If this is an R function, it is passed a single argument - the value of the string - and it can return that or any other R object, presumably derived from that original string. If a compiled routine is specified, it can be one of two types. Both take a simple C string. The default type returns a SEXP, i.e. an R object. If the class of stringFun is either AsIs or NativeStringRoutine, then that routine must return a C string, i.e. a char *. This will then be converted to an R character vector of length 1, using the default encoding given by encoding.

Value

An R object created by mapping the JSON content to its R equivalent.

Author(s)

Duncan Temple Lang <[email protected]

References

http://www.json.org

See Also

toJSON the non-exported collector function {RJSONIO:::basicJSONHandler}.

Examples

fromJSON(I(toJSON(1:10)))

  fromJSON(I(toJSON(1:10 + .5)))

  fromJSON(I(toJSON(c(TRUE, FALSE, FALSE, TRUE))))

  x = fromJSON('{"ok":true,"id":"x123","rev":"1-1794908527"}')


   # Reading from a connection. It is a text connection so we could
   # just read the text directly, but this could be a dynamic connection.
  m = matrix(1:27, 9, 3)
  txt = toJSON(m)
  con = textConnection(txt)
  identical(m, fromJSON(con)) # not true! fromJSON() returns just a list.

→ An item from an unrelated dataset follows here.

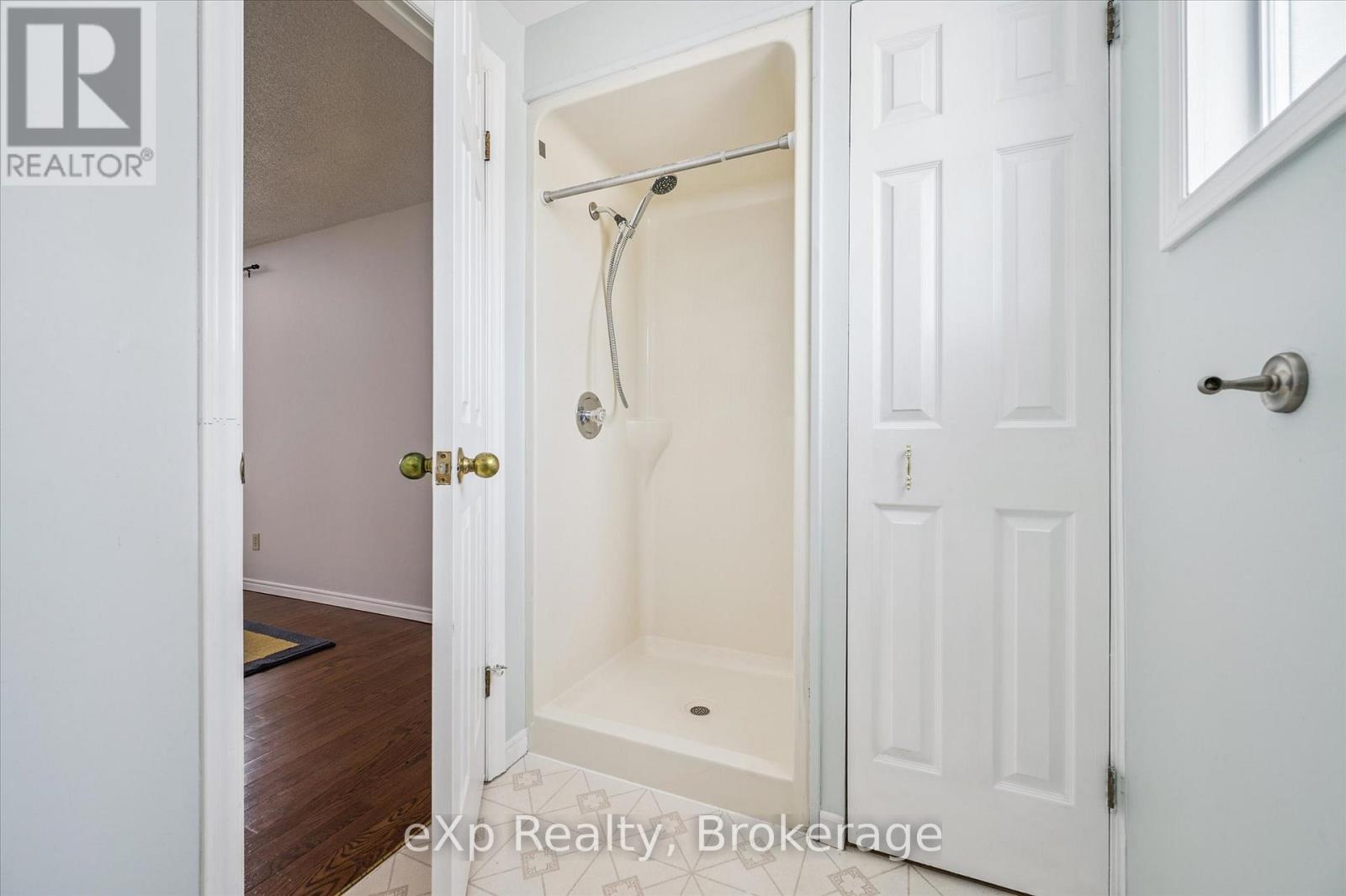 220 Justin's Place, Wellington North, Ontario  N0G 2L3 - Photo 31 - X12864978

    # Use a connection and move the cursor ahead to skip over some lines.
  f = system.file("sampleData", "obj1.json", package = "RJSONIO")
  con = file(f, "r")
  readLines(con, 1)
  fromJSON(con)
  close(con)


  f = system.file("sampleData", "embedded.json", package = "RJSONIO")
  con = file(f, "r")
  readLines(con, 1)  # eat the first line
  fromJSON(con, maxNumLines = 4)
  close(con)

## Not run: 
if(require(rjson)) {
    # We see an approximately a factor of 3.9 speed up when we use
    # this approach that mixes C-level tokenization and an R callback
    # function to gather the results into objects.
    
  f = system.file("sampleData", "usaPolygons.as", package = "RJSONIO")
  t1 = system.time(a <- RJSONIO:::fromJSON(f))
  t2 = system.time(b <- fromJSON(paste(readLines(f), collapse = "\n")))
}

## End(Not run)
    # Use a C routine
  fromJSON(I("[1, 2, 3, 4]"),
           getNativeSymbolInfo("R_json_testNativeCallback", "RJSONIO"))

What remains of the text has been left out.